I'm curious (Erik/Gordo) if you could create a press side color management program what would it entail? I think if I have followed you both successfully Erik you think gray balance is 1 of many things that should be evaluated and Gordo you are more skeptical of gray balance as a whole. You have proven in press runs that you could maintain pleasing color in the live area of newsprint while being out of gray balance when using GCR and FM screening. To be clear I'm asking from a curious standpoint, not critical.
Wow, this is actually a big question and this place is not the place to discuss details. But I will try to break it down to the essentials of how I view the problem. Gordon views things from a much more practical and thoughtful perspective on how the process now exists, while I have tried to understand and think of possible solutions from a theoretical perspective on how the process could exist.
My thinking applies to any printing process even though my main interest has been in changing the offset lithographic process.
Let's just think philosophically about this problem.
If you have a printing device/process and the output is repeatable, consistent and predictable, then the output is determined and can be known.
If you have a printing device/process and the output is not repeatable, not consistent and not predictable, then the output can't be known and you have to adjust after starting and hope you can reach sellable output and continue adjusting the process to try to maintain sellable output.
The reality is that offset and even digital printing lands somewhere between these two extremes.
So in general, one can not apply, even a perfect prepress colour management concept, to an inconsistent printing output device and expect consistent and predictable results.
For this reason, I have tried for a long time to state that what was important was to make the offset process consistent and predictable first.
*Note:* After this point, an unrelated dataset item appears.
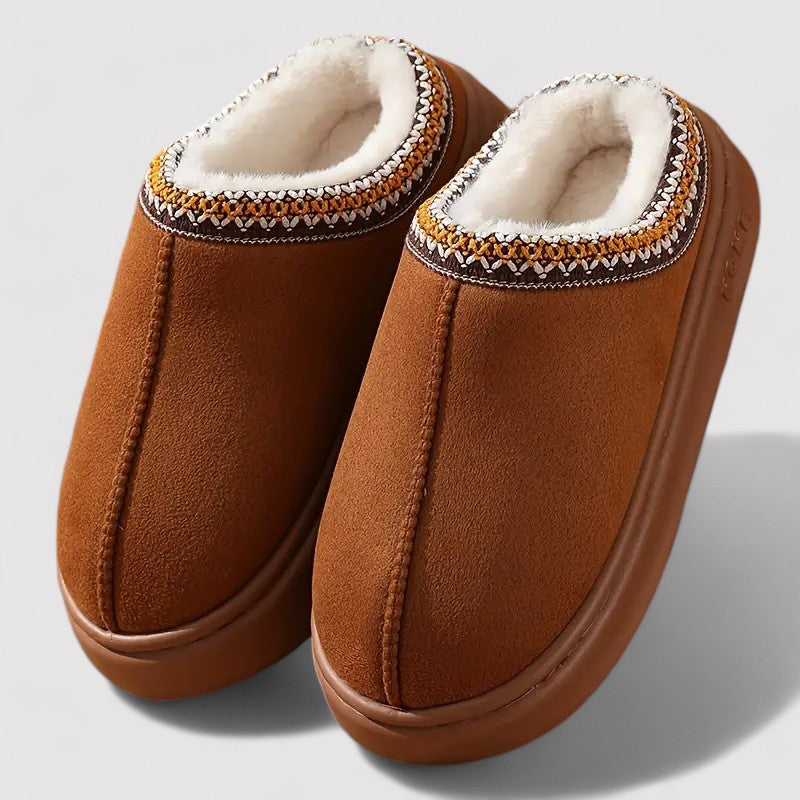 Bovenaanzicht van pluche zachte pantoffels, ontworpen voor maximaal voetcomfort binnenshuis. Perfecte thuis pantoffels.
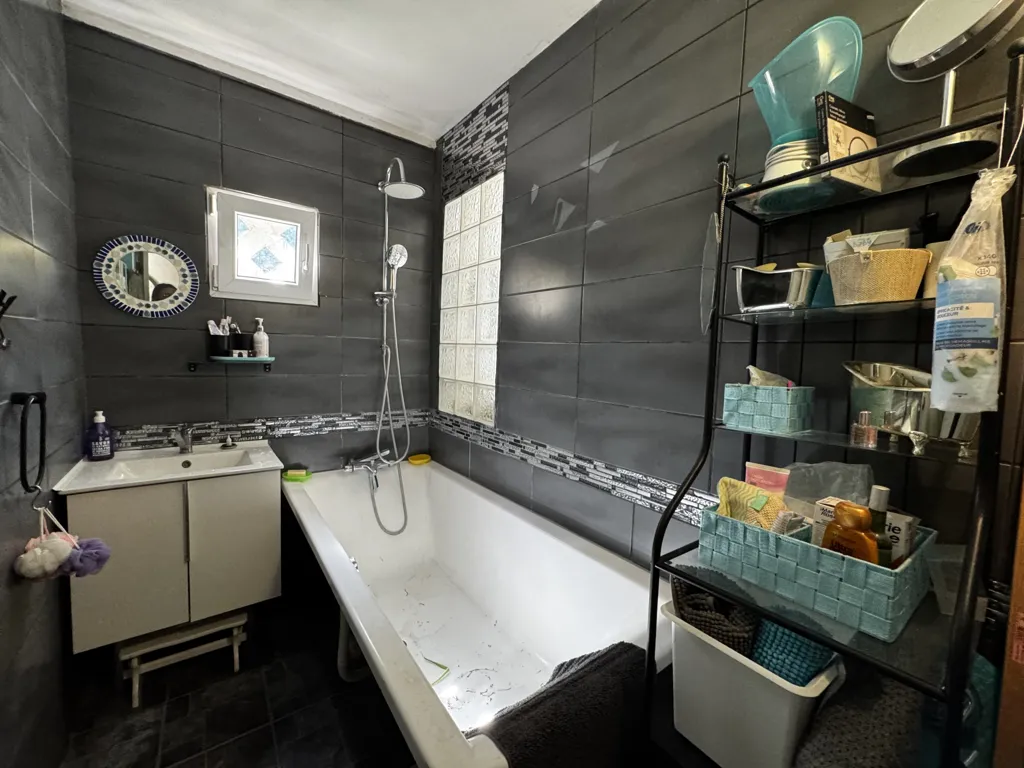 Salles de bain - Appartement 3 Pièces avec Balcon et Ascenseur à Sassenage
And to do that requires first to correct the ink feed problem. Nothing else can be done until that is done.
So to address your question, with respect to how I see the problem, I say that the first step would be to make the offset process consistent and predictable. This means that the press goes to the desired running targets without any adjustments by operators or closed loop control. I expect the press would be in colour within 50 impressions. This is based on computer simulation runs done 25 years ago.
In such a situation there is little need for colour bars or gray patches although they would be good to have to catch breakdowns in the process but not for control during normal running conditions.
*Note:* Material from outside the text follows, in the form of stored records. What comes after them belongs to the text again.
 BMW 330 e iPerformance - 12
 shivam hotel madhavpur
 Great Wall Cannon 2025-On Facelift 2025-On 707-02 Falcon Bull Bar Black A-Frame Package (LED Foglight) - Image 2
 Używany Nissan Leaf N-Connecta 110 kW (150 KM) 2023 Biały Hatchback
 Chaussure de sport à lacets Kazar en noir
Colour management could also then be much more straight forward. Since the colour output would be consistent and repeatable, mapping the output would make it predictable. This means that if one has a simple, quick and accurate way to map the range of colour the press will print under specific conditions, then that can be used to drive the prepress process. There would be not reason to use standards or tone curves or G7 or gray patches. All the information of how the press can print would be in the mapped data.
Now ICC does this type of thing but uses a limited number of measuring points. For a CMYK print on an offset press, if we think of each plate having 101 possible percent dot exposures, from 0 to 100 percent, there are 101 to the fourth power combinations of screens possible. That is 104,060,401 possible combinations, each that could possibly result in a slightly different colour when printed at some standard SID values with a specific ink set and paper combination. If an ICC profile has only a little over 1000 measured points, then one can see that is not going to accurately describe all the combinations. More points are better for accuracy.
What is needed is to measure thousands of points very quickly. One can not do this by hand of course. I have known that a device to measure so many points would be required and have waited about 15 years for some technology to come out that can do this. So now there is a company in Germany that is selling a device that can measure 10,000 points all at once. I would not name the company because I don't know how well their product works but that kind of capability is needed to move the industry forward.
So if you had new presses or even old presses that were modified to be consistent and predictable, then you could just quickly run a test form with 10,000 small patches and have it measured and your prepress could use that to provide predictable colour matched to your consistent press. No hours of running forms, G7, guesswork, hope etc.
This does not help you with your problems today. Gordon will be more helpful for you on this. But I will say that I have been looking at this problem for the mid 1980's. I presented a paper at TAGA in 1997 about some of these issues that needed to be addressed. There has been absolutely no interest on the part of the experts in this field to change much and that is what Gordon and I have complained about. Their disinterest over the years has hurt printers like yourself.